Saved entries
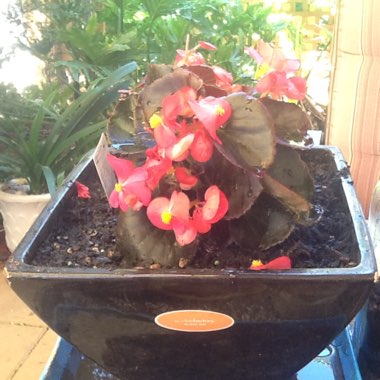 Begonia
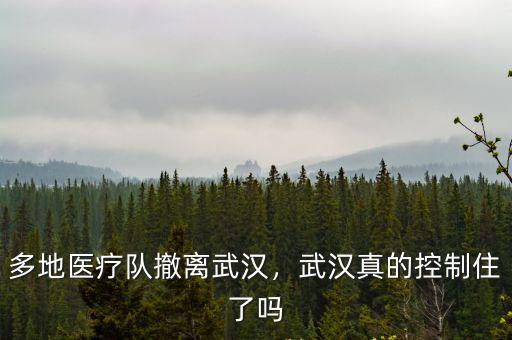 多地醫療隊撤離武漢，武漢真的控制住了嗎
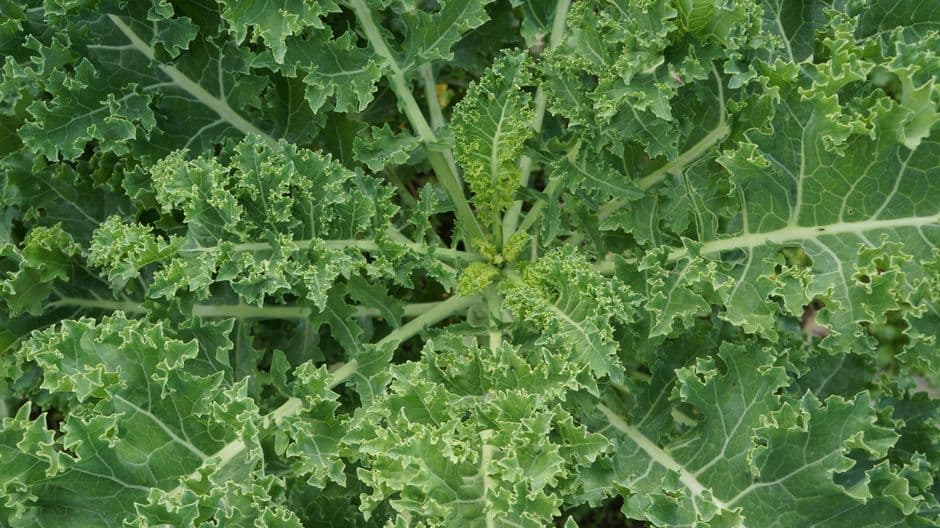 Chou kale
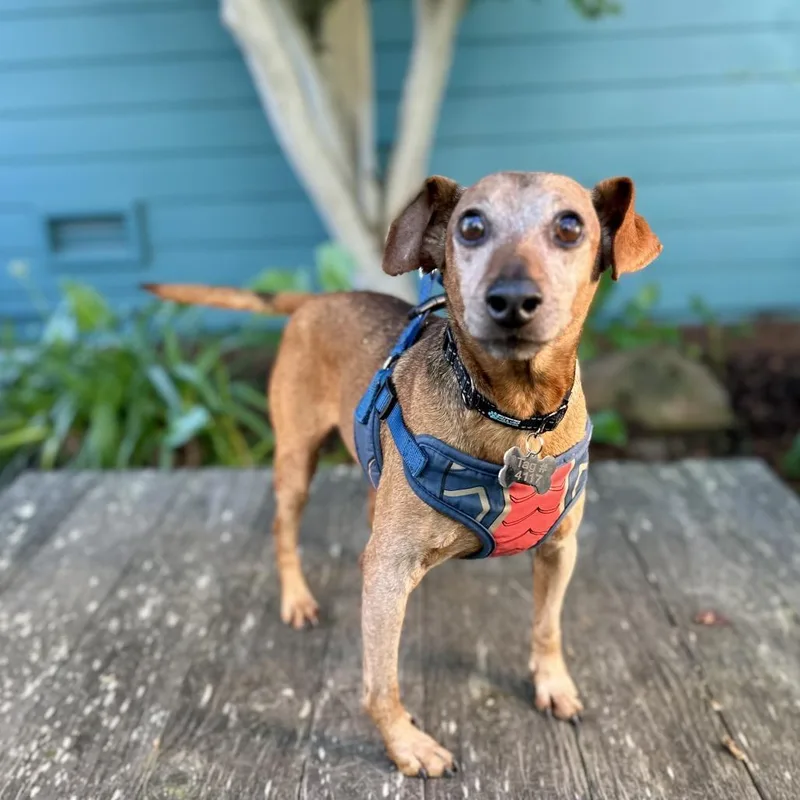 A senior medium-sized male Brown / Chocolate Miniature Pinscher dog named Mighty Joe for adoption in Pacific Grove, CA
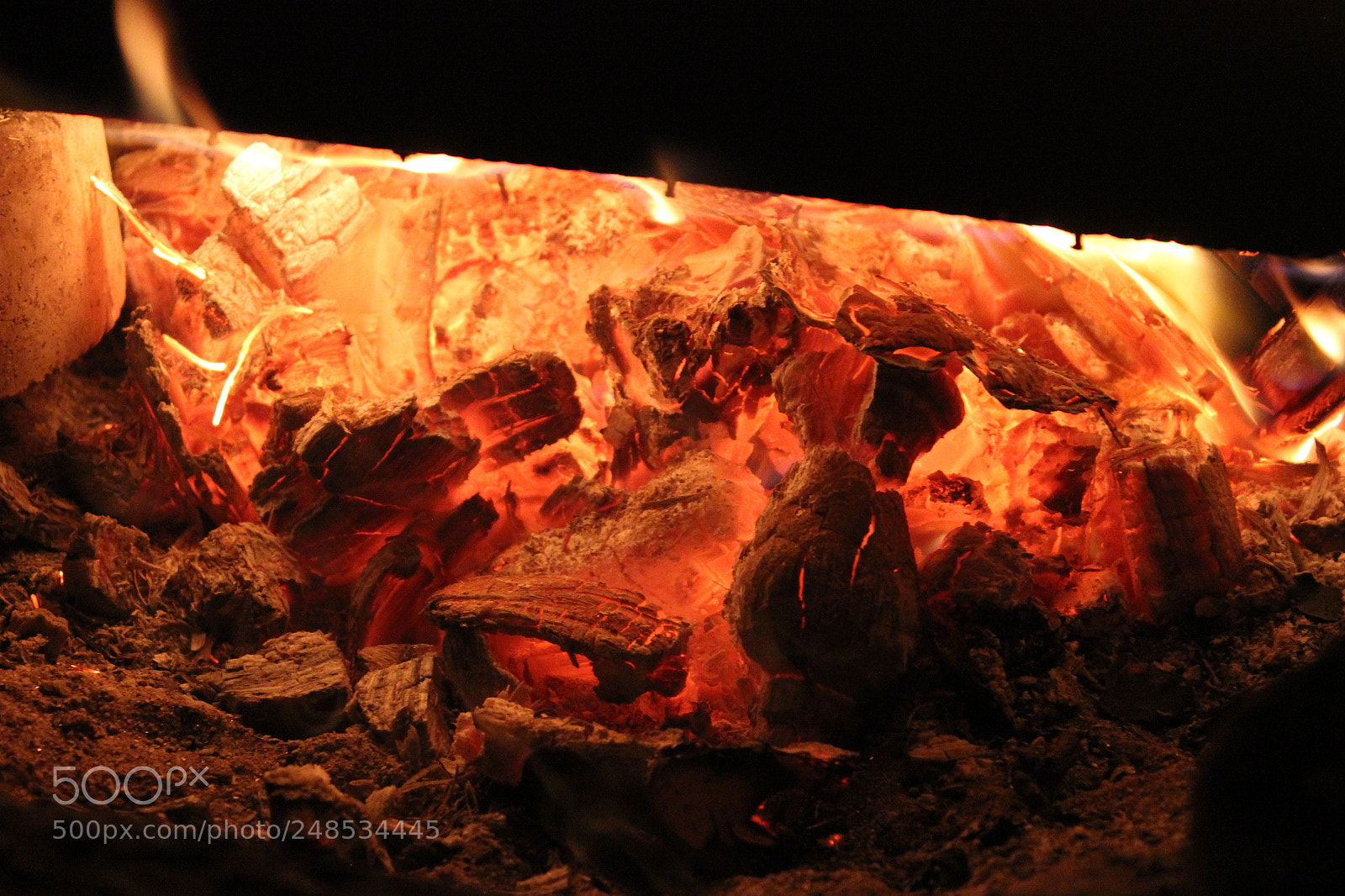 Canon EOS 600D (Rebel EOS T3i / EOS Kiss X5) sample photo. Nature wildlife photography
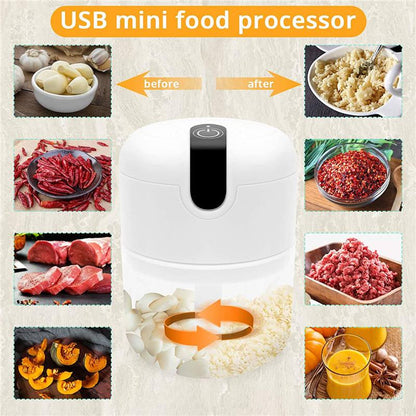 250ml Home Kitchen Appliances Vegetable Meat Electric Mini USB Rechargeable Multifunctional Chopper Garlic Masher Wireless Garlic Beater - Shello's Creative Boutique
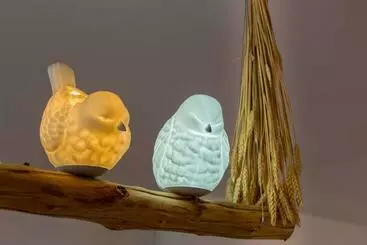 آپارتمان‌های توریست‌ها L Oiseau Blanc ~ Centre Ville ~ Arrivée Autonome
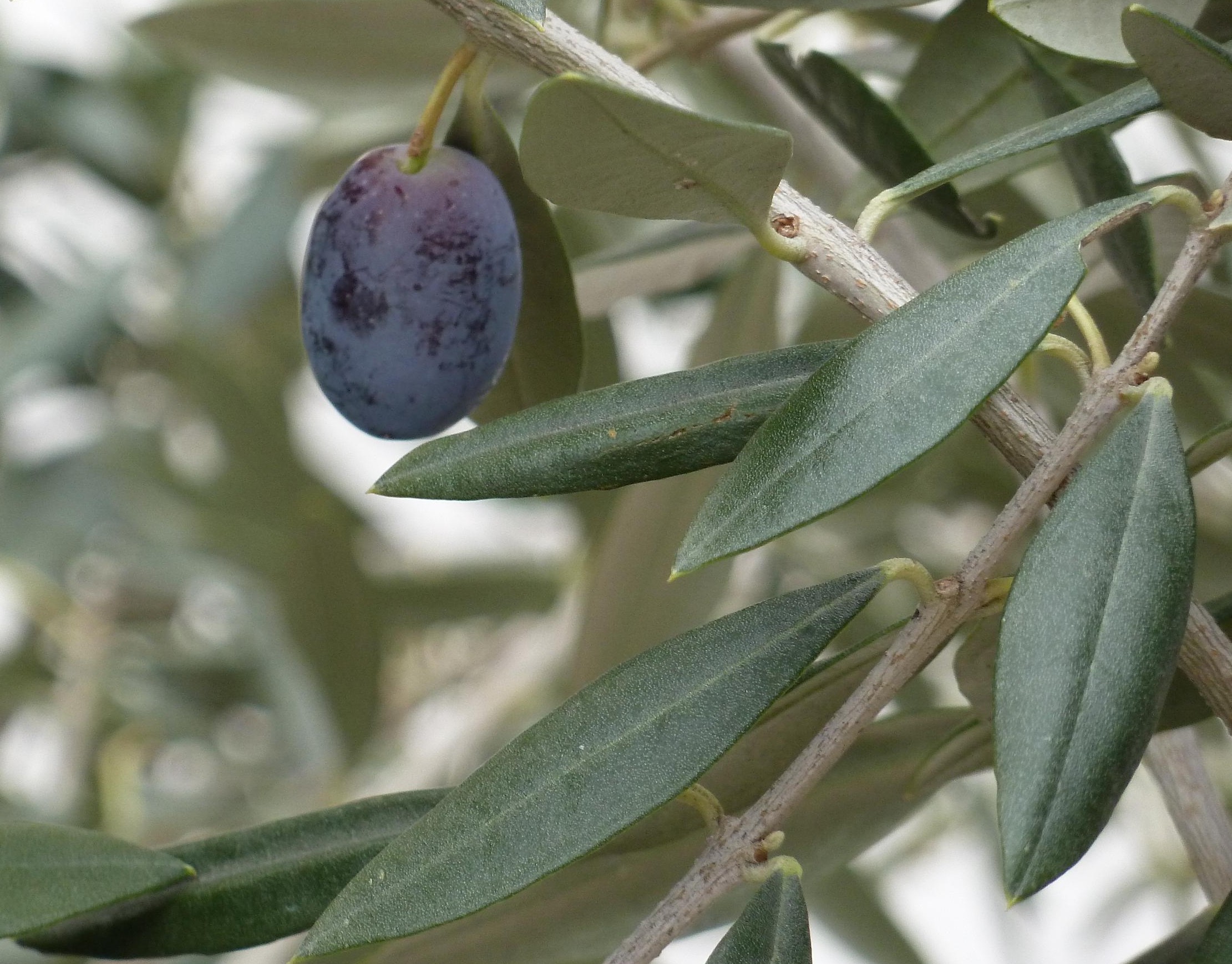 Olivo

* * *

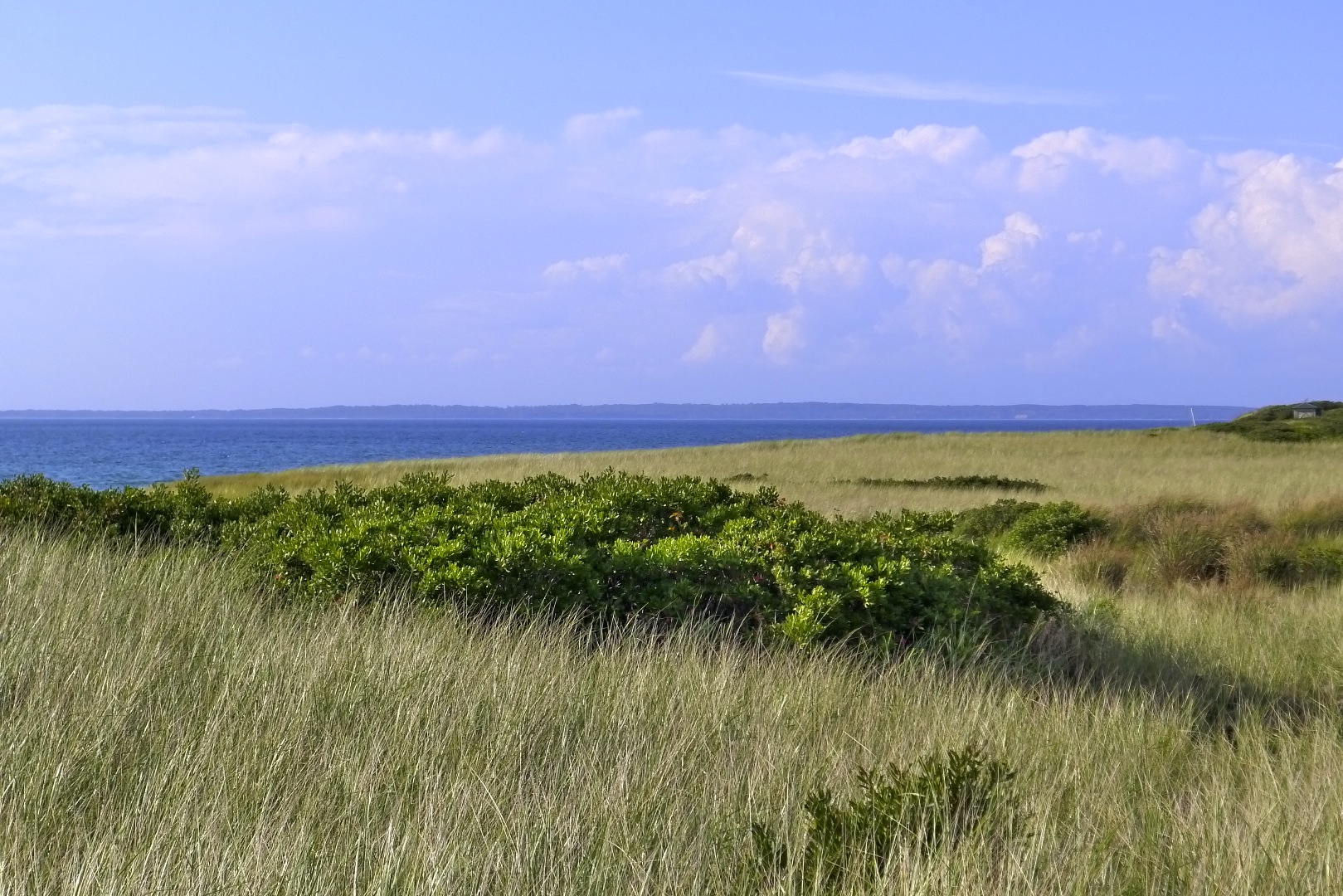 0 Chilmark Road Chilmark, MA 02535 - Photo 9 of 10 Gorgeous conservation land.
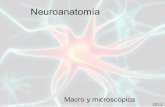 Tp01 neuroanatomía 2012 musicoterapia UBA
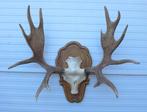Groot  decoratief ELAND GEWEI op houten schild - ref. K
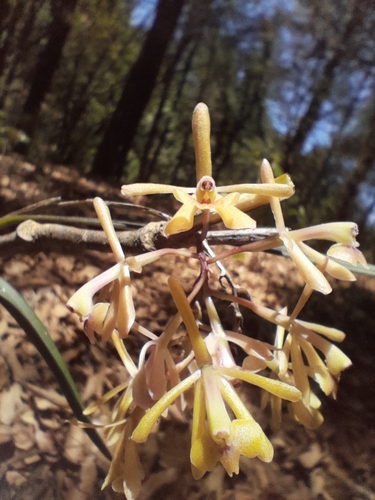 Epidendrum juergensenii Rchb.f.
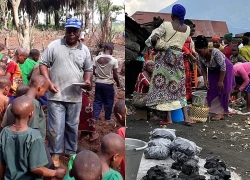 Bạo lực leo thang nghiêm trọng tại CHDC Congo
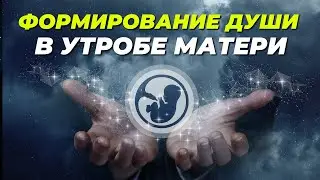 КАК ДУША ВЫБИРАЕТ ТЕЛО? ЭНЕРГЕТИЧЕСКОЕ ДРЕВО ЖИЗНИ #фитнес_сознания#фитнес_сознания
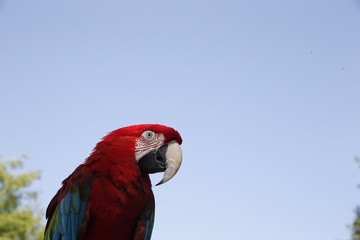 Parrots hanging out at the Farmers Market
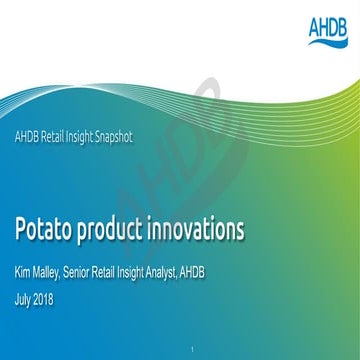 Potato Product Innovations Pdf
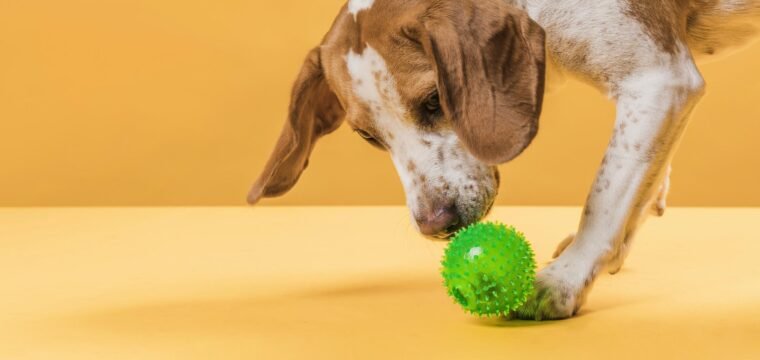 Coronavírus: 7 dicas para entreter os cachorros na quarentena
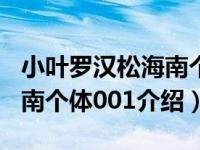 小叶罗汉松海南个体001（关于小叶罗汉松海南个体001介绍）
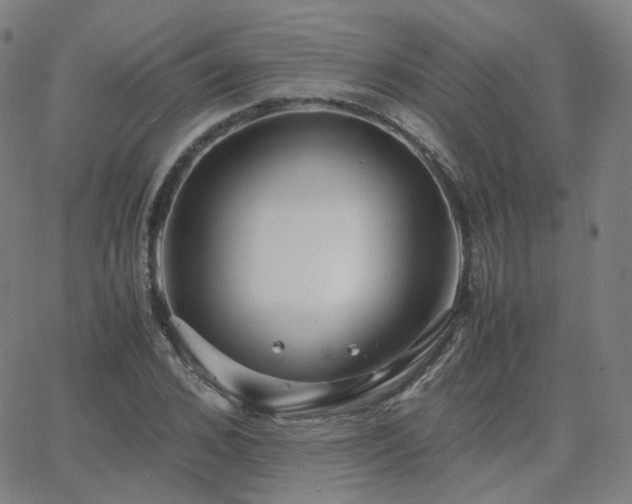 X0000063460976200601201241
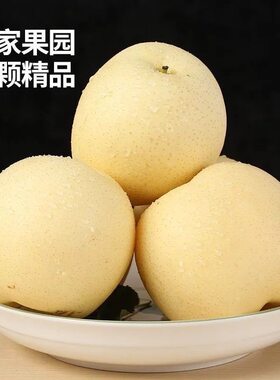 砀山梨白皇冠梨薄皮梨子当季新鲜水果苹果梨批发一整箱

● **Assignment**
Using the data above, retype exactly and only the lines from the one containing "Epidendrum juergensenii Rchb.f." up to and including the one containing "砀山梨白皇冠梨薄皮梨子当季新鲜水果苹果梨批发一整箱", with no pictures carried over.

● **Answer space**
 Epidendrum juergensenii Rchb.f.
 Bạo lực leo thang nghiêm trọng tại CHDC Congo
 КАК ДУША ВЫБИРАЕТ ТЕЛО? ЭНЕРГЕТИЧЕСКОЕ ДРЕВО ЖИЗНИ #фитнес_сознания#фитнес_сознания
 Parrots hanging out at the Farmers Market
 Potato Product Innovations Pdf
 Coronavírus: 7 dicas para entreter os cachorros na quarentena
 小叶罗汉松海南个体001（关于小叶罗汉松海南个体001介绍）
 X0000063460976200601201241
 砀山梨白皇冠梨薄皮梨子当季新鲜水果苹果梨批发一整箱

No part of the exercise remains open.